▶ WHAT IS EXPECTED
Please restate word for word the lines from the top of the entries through the line that contains "Like what you", and do not include any pictures.
:::
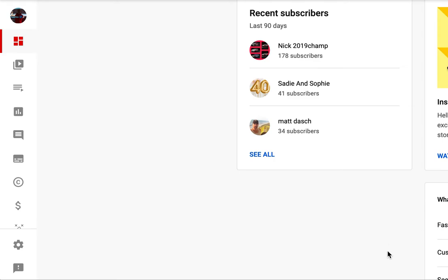So I want to look at the more recent YouTube subscribers that I've had. They include Nick 2019 Champ, Sadie and Sophie, and Matt Doss. So I want to give a shout out to them since they've really contributed to wanting to stick it out. They want to stick to my YouTube channel and they want to support me.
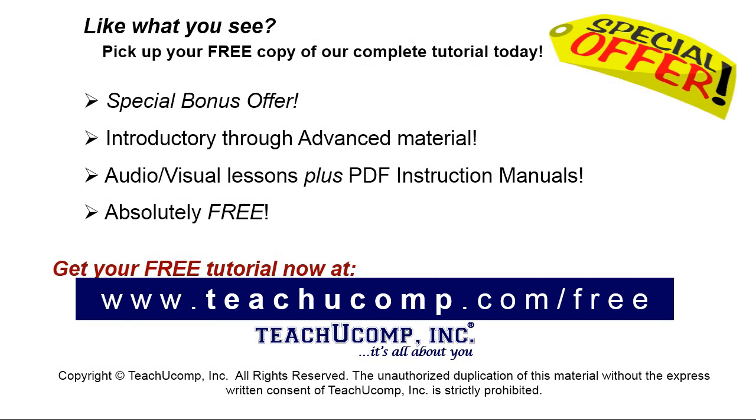Like what you see? Pick up your free copy of the complete tutorial at www.teachyoucomp.com/free.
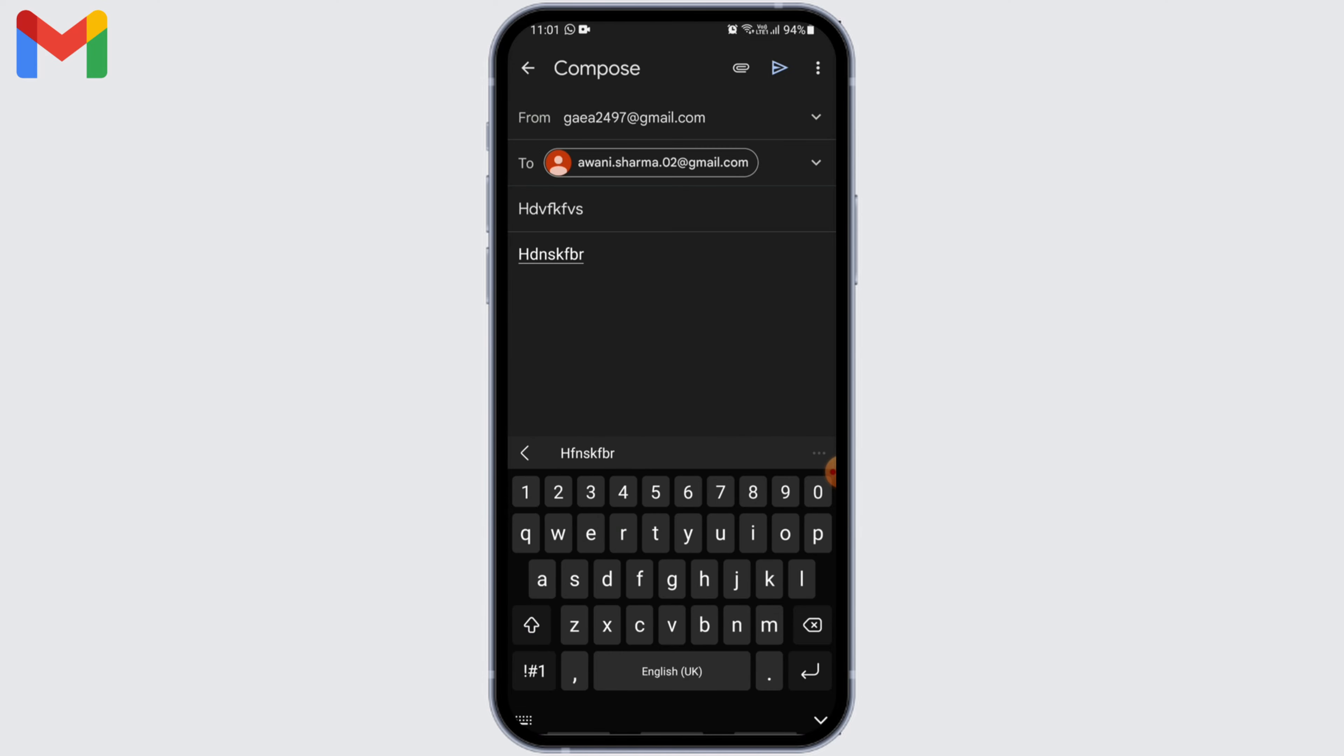Normally to attach any files, you have to click on this clip icon and then you'd select the option of attach file. However, for large videos you cannot do that.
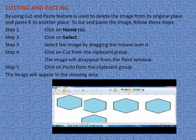Now let us learn cutting and pasting. The Cut and Paste feature is used to delete the image from its original place and paste it to another place. To cut and paste an image, follow these steps. Step 1: Click on Home tab. Step 2: Click on Select. Step 3: Select the image by dragging the mouse over it. Step 4: Click on Cut from the clipboard group — the image will disappear from the paint window. Step 5: Click on Paste from the clipboard group — the image will appear in the drawing area at a new location.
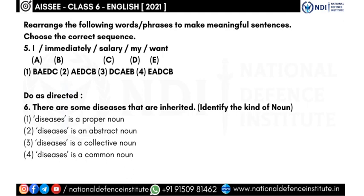The fifth question: rearrange the words 'I, immediately, salary, my, want' to make a meaningful sentence. When you read the options, you can see the sentence should begin with 'I.' Option A-E-D-C-B gives 'I want my salary immediately' — this makes sense! Let's also check option B-A-D-C: 'immediately I want my salary' — we're cancelling this one.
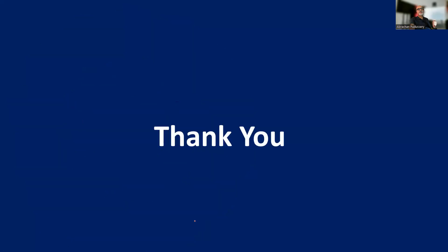So thank you very much. In the next video, we'll be discussing more about scope definition and work breakdown structures.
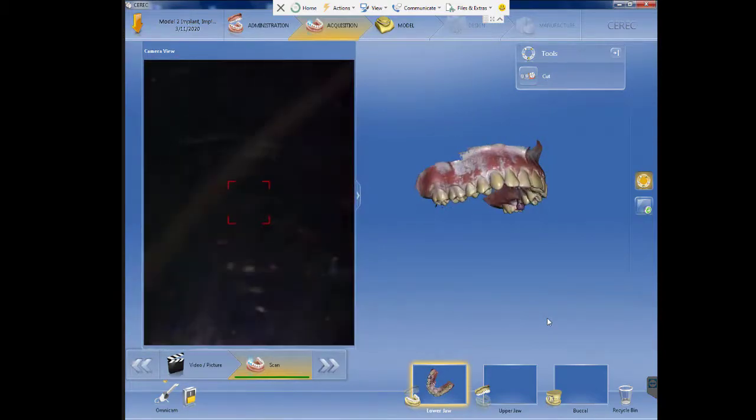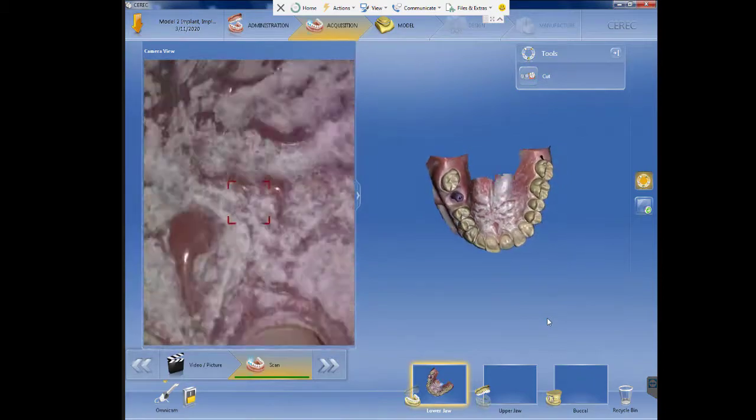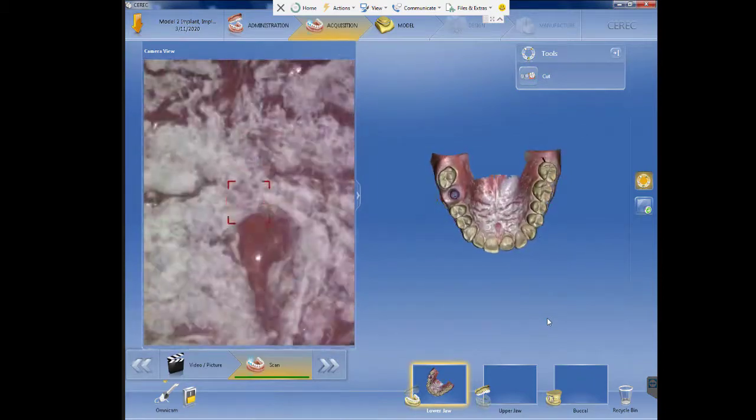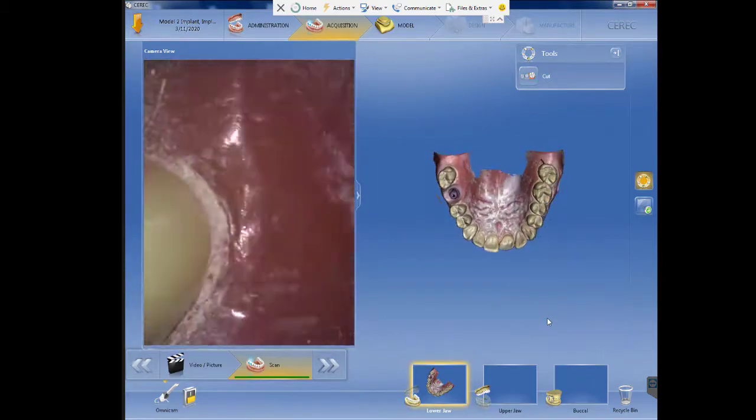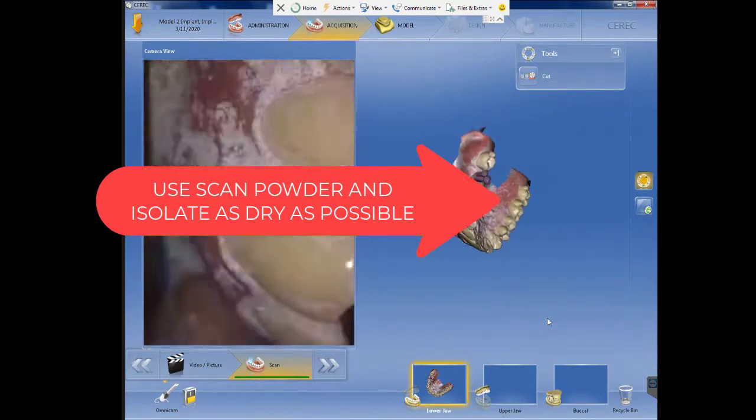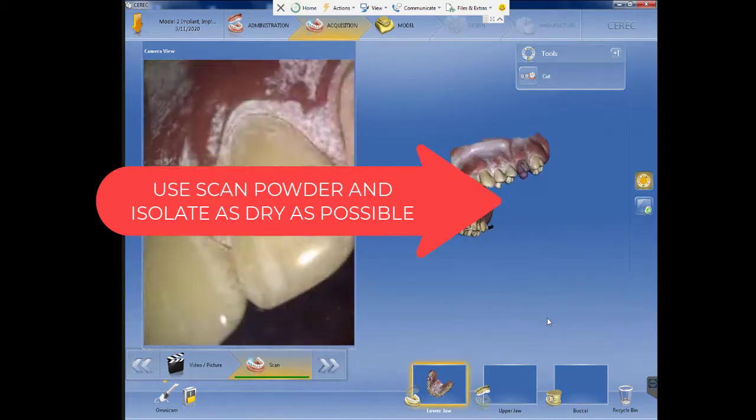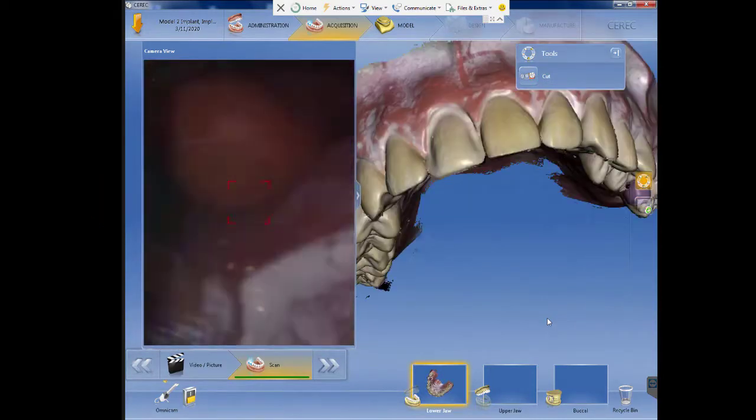This can be done with any intraoral scanner in the market. For better results we suggest to use scan spray and any isolation as Optragate or Isolite.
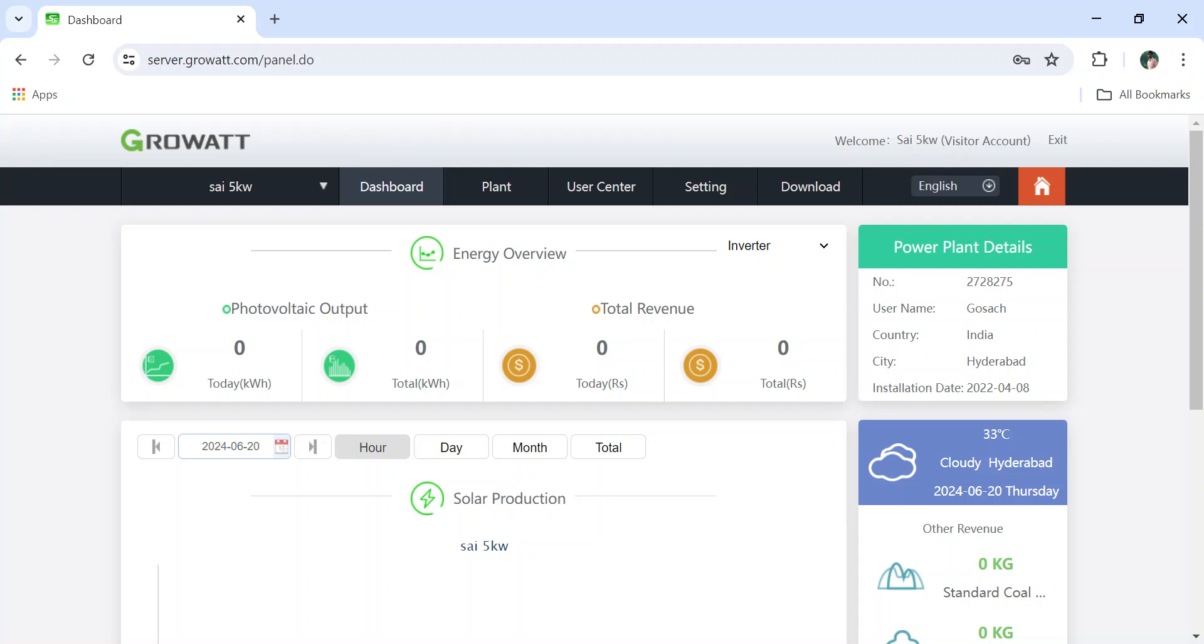Again I am telling, no need to configure the dongle twice. Once you configure in the admin account, or installer account, or organization account, it is enough. Just give the credentials what you are creating on customer account and ask them to refresh the data. Automatically the data will get fetched to the application.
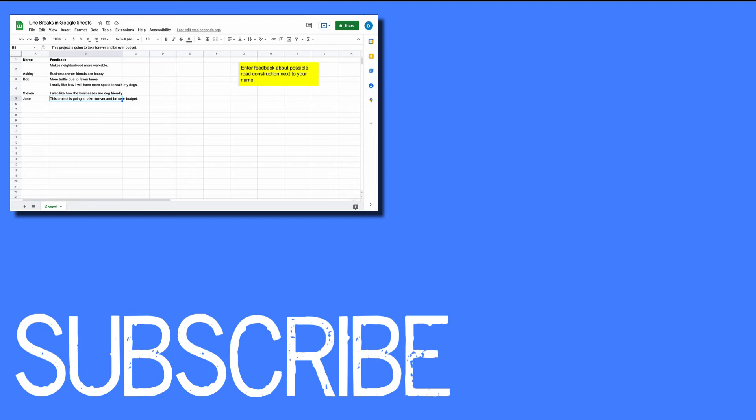If you found this video helpful please click that like button and subscribe to this channel to receive more helpful tips in the future. Also please be sure to visit my website at therabbitpad.com.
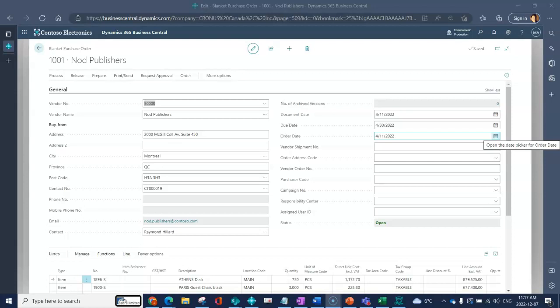When you take a blanket purchase order and you want to do a release and make that an actual firm purchase order so that the vendor can deliver, the order date is what you will populate prior to your make order function, which we'll look at in a moment. Vendor shipment number again is something that's more applicable for the actual receiving side, so we'll skip over that for now.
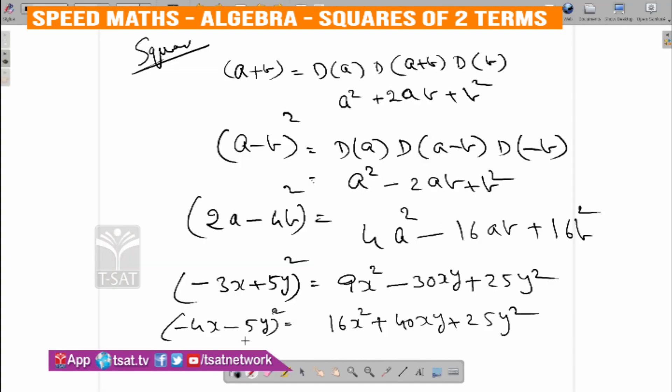Here A plus B, here A minus B, here 2A minus 4B, here minus 3X plus 5Y, and other combinations — simply write the duplexes and you will get the answer. In ascending and descending order: X square, XY, Y square — that is A square, AB, B square. Put them in order like this.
:::
▶ YOUR SOLUTION
So I want to look at the more recent YouTube subscribers that I've had. They include Nick 2019 Champ, Sadie and Sophie, and Matt Doss. So I want to give a shout out to them since they've really contributed to wanting to stick it out. They want to stick to my YouTube channel and they want to support me.
Like what you see? Pick up your free copy of the complete tutorial at www.teachyoucomp.com/free.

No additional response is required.